Name: Ciara Lappin (nee McGinley).
Which teams did you represent?
O’Donovan Rossa, Antrim, Queen’s and Ulster.
What’s your current involvement?
I currently coach the u-10 camogie team for Rossa. My daughter plays so you don’t get to stand and watch! They are a super bunch of girls.
What was your greatest moment in the GAA?
I have loads of great memories over the years but the few that stand out are:
Captaining Antrim to win the All-Ireland Intermediate Camogie Championship in 2004 when we beat Tipperary.
Captaining Rossa to their first Ulster Senior Camogie title.
Winning our first Senior Antrim Championship in 2000 with Rossa. That’s was special and the real turning point for us. We did it the hard way beating Dunloy (holders) at Rossa Park in the first round and then Loughgiel in the semi-final. It was a big breakthrough and we never looked back…we celebrated every win.
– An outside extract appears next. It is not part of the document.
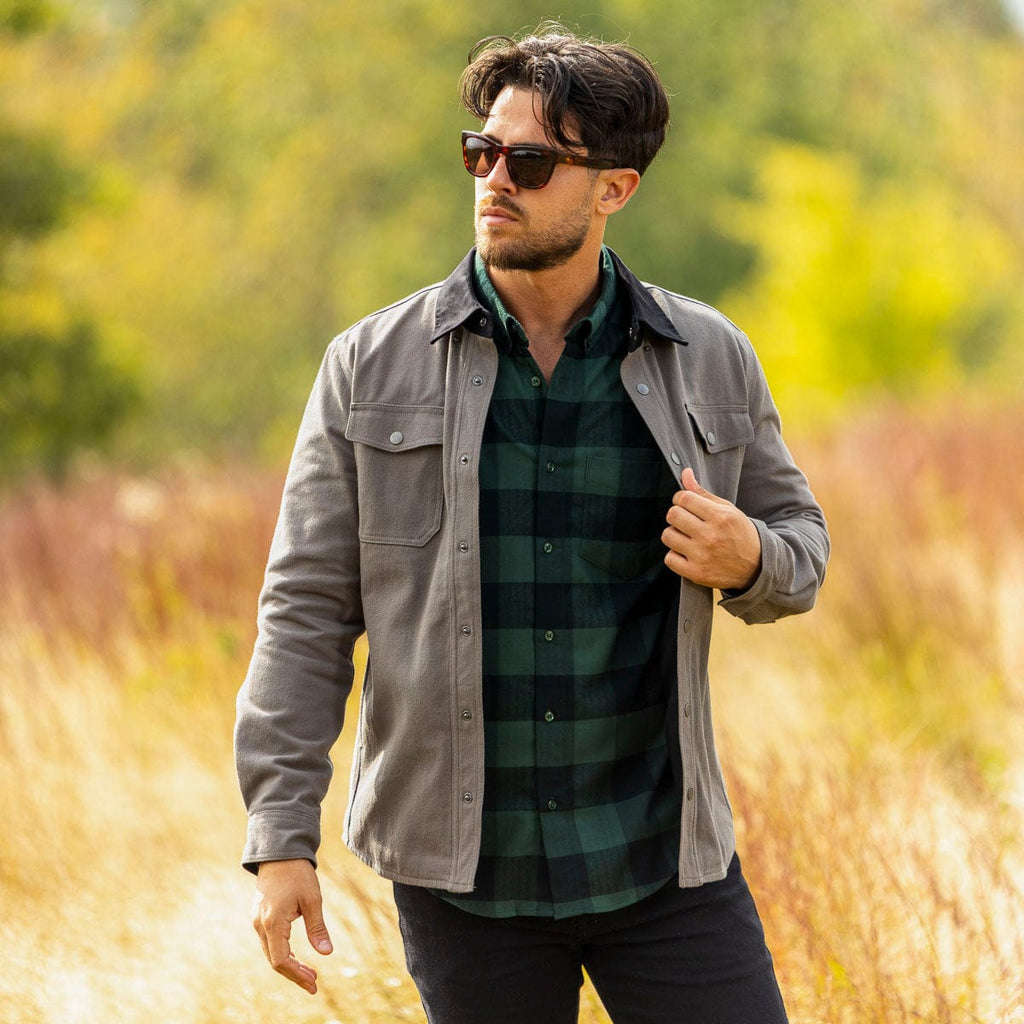 RSVLTS Pewter Heavy-Duty Shirt Jacket in Gray — detail 3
What was the most surprising moment in your career?
Getting picked as the Ulster Player of the Tournament in the Gael Linn. Think we got beat in the final, mind you.
Who was the best player you ever played with?
I have played with loads of amazing and talented girls over the years but I have to shout out to my half-back line for Rossa and Antrim – Maureen Barry and Ciara Gault.
What was the best score you ever saw in a game you were involved in?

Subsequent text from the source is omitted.